Before Witch Tomb, people sadly and completely expectedly started to filter out; this is a consequence of MBTA policies, as noted on other O'B's shows in the past, rather than any reflection on the bands, and will likely continue until the T officils grow the stones to keep some kind of service running overnight -- and with the various anti-party ordinances currently in force in mind, this is not likely. It is, though, pretty amazing that the Boston DIY music scenes are able to continue to be so vibrant and productive in a town where the bars close before 1 AM on the weekends.
Witch Tomb [6/7]
As Witch Tomb goes, this was in some ways a down set. However, it really speaks to the quality and consistency of this band that even a relatively "down" set could be this good and this dominant, debatably the best outing on a very strong show. This performance was brutal first, last, and foremost, a powerful statement of urban yet never urbane black metal that, as with the band's tenuous antecedents in December Wolves, really needs to get out to more people. Witch Tomb's done better sets than this (mostly where a longer set time's afforded them more space to plow dissonant atmospheres into the abysal blasting, but this set was crushing and impressive in its own right, and a worthy capstone to another good local black metal show.

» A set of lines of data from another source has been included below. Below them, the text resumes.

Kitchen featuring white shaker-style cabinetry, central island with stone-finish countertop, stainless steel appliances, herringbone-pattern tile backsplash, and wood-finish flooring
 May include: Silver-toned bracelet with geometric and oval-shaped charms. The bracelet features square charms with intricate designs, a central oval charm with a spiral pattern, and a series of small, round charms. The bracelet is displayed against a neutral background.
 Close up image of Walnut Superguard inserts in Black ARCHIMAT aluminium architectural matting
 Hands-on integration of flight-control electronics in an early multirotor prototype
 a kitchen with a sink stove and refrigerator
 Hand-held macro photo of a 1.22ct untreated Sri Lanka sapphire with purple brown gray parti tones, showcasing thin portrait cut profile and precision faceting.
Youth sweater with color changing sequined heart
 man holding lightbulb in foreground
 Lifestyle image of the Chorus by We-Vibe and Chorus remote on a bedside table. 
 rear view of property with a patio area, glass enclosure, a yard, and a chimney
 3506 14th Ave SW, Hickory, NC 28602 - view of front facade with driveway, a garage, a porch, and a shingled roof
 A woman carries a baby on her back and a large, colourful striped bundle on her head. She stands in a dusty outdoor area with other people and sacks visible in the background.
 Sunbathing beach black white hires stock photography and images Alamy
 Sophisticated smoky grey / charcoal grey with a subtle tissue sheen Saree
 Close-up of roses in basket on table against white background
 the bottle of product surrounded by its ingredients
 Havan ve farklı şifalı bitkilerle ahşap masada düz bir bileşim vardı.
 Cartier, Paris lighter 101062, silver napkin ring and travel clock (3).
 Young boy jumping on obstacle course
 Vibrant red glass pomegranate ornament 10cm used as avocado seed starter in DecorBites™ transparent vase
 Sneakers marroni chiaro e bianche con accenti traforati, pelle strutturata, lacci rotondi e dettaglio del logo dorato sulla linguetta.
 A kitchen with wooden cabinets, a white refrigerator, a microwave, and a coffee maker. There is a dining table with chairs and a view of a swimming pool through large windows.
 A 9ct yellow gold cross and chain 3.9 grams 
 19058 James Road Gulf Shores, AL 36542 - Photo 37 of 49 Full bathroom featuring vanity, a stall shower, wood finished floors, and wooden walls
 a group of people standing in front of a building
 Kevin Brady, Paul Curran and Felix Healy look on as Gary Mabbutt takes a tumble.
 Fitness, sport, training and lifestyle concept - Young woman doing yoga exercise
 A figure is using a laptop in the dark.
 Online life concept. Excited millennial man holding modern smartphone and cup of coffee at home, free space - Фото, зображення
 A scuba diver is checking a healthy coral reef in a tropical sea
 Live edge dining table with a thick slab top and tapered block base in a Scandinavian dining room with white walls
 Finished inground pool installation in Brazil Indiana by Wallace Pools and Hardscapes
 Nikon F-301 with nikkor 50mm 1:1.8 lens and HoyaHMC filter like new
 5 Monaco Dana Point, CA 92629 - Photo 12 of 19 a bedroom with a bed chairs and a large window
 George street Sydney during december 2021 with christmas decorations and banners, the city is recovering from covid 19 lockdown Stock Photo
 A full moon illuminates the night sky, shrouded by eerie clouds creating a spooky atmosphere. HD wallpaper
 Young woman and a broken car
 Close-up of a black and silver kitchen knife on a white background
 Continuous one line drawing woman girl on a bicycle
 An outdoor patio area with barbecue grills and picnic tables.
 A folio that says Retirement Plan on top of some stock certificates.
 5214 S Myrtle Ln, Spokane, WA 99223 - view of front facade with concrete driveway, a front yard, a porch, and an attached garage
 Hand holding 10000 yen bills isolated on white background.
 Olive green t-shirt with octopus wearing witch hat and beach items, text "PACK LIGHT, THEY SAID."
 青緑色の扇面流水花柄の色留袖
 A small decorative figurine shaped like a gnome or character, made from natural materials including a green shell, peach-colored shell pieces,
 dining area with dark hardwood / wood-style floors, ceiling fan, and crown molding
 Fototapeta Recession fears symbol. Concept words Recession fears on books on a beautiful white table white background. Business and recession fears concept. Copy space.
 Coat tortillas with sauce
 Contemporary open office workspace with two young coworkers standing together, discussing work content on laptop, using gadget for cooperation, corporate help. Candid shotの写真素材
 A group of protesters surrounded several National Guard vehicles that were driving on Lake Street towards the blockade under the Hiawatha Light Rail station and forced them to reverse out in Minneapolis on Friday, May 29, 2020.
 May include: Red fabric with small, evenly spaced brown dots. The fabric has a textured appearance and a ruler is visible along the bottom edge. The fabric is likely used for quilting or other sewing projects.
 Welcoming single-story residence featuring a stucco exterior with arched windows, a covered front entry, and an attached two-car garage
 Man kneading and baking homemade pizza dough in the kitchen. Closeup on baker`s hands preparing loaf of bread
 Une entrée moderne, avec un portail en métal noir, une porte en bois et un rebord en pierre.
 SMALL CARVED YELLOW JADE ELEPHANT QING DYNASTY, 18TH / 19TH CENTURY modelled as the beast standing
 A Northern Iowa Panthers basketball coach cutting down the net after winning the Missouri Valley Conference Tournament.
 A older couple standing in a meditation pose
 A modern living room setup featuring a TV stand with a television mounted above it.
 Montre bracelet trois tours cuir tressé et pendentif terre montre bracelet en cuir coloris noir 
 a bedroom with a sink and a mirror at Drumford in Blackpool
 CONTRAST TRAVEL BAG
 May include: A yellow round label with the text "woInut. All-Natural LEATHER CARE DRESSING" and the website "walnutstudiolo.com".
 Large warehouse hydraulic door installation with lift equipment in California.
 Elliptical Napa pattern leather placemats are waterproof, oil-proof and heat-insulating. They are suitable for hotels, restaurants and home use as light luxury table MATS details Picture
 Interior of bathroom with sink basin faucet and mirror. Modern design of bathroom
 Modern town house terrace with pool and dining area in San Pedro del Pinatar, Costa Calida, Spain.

Things having closed up, it was time for the hike again, and though it was still freezing, it was not here, but the next night, somewhere in the process of getting wasted and sticking public pencils in my chop while doing karaoke in a dive bar, that I got sick. Hence the delay in getting this thing out. I'm still too dinged up to make it down to Bobfest tonight (the birthday celebration by and for Boston's most eclectic and enthusiastic DIY music fan, Wren "Bob" Leader), and sadly either on-call or busy with other stuff for Revocation's sure-to-be-memorable gig at the Cambridge Marriott, but there aint no such thing as too sick to go to Kreator.....even if it turns out to be IMPOSSIBLE! IMPOSSIBLE TO CURE!!!!!